Bill Rohn’s weekend sports was sponsored by Storz Beer, “light, dry and smooth.”
I don’t know when or why local TV personalities stopped being pitchmen for the breweries. Maybe it’s because they made it sound a bit too appealing to thirsty little kids like me watching at home.
I must have done a dozen stories about beer during my reporting days. I remember featuring a guy in Southwest Minnesota in 1976 who started collecting cans of Billy Beer..named after President Carter’s beer swilling little brother whose very public drinking binges were legendary and an embarrassment to the White House. I hear the beer wasn’t very good and the cans really aren’t worth much to collectors or on ebay.

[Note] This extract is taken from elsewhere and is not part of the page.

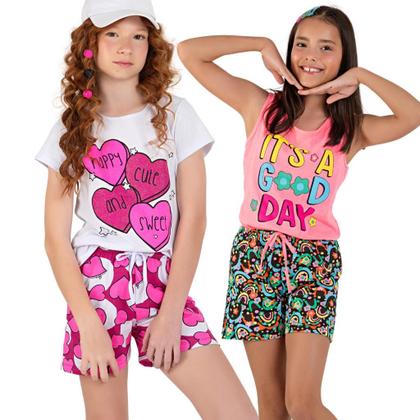 Imagem de Kit 3 Conjuntos Infantil Juvenil Feminino Verão Roupa de Criança Juvenil Menina Tam. 12 ao 16 anos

In 1980, I did a story with a local distributor who had laid in stacks and stacks of beer named after J.R. Ewing, the character on the TV show, Dallas. J.R. was the subject of a summer-long TV cliffhanger in which the audience was left to wonder who had shot him in the final episode.

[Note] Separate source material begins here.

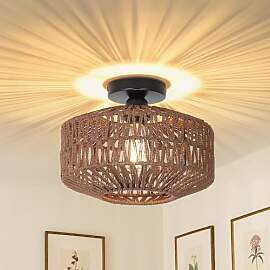 Rayofly Dunkel Braun Rattan Deckenlampe, Boho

Anyway, Pearl Brewing Company in San Antonio decided to cash in on the “Who shot J.R.” phenomenon and blend up a beer for all the Dallas fans.
I wasn’t a fan but I bought a six pack anyway thinking it might someday be worth something. It isn’t.,.and, after 35 years, it still sits unopened on display in my basement. Maybe I should just pop open a few cans after I mow next spring..or do you suppose that some of the golden deliciousness might have disappeared in 3 decades?
One person who came real close to making me a beer convert, was Maureen Ogle..an author from Iowa who was in Sioux Falls promoting her latest book called “Ambitious Brew,” an ambitious project chronicling the history of American beer.
She’d done a lot of research and over a beer after our interview she explained to me how conventional wisdom has it that giant breweries, driven by corporate greed, have flooded the U.S. with inferior-tasting swill, and the only beer worth drinking is from scattered boutique microbrewers. Ogle doesn’t buy that and says companies like Miller and Anheuser-Busch are actually near-perfect embodiments of the American dream (in which “liberty nurtured ambition, and ambition fostered success”)—and if their beers became noticeably blander 50 years ago, it’s because consumers wanted it that way. She even compared beer to wine in that various varieties can and should be explored to best complement a meal. “So it’s not just good with pizza and hot dogs then?” I asked. “Heavens no.” She said.
After I started working at Keloland TV in 1974, I remember asking Jim Burt about those live Hamms Beer commercials. Of course I was curious about what happened to that freshly poured frosty glass. “It wasn’t very fresh after sitting under the hot lights for a half hour” he said. “I wasn’t all that tempted to take a sip but usually one or more of the cameramen would make sure it disappeared after the show. Cold or warm, it didn’t matter to them” he laughed.
Back then, consumption of alcohol on TV commercials was prohibited by the “Television Code”..a code that’s long since gone the way of the dinosaurs but, for some reason, still followed by the broadcast networks. That’s right, the networks which have raised the bar so high that just about anything can be shown or said in prime time programs, doesn’t want booze..be it beer or the hard stuff..to be consumed during the product’s commercial.
Years ago, actor Paul Hogan of Crocodile Dundee fame, did a very funny commercial for the most popular beer of his homeland, Australia poking fun at the look but don’t sip rule of American TV.
More recently, Neil Patrick Harris did a little humorous lampooning in a Heineken ad.
Well, all this talk of drinking beer has made me a might thirsty. I think there’s a can of Coors left over from Christmas in the fridge. Wait, it’s only 9 o’clock in the morning. Ah, what the heck..I’m retired.
I won’t tell anyone if you don’t. Cheers!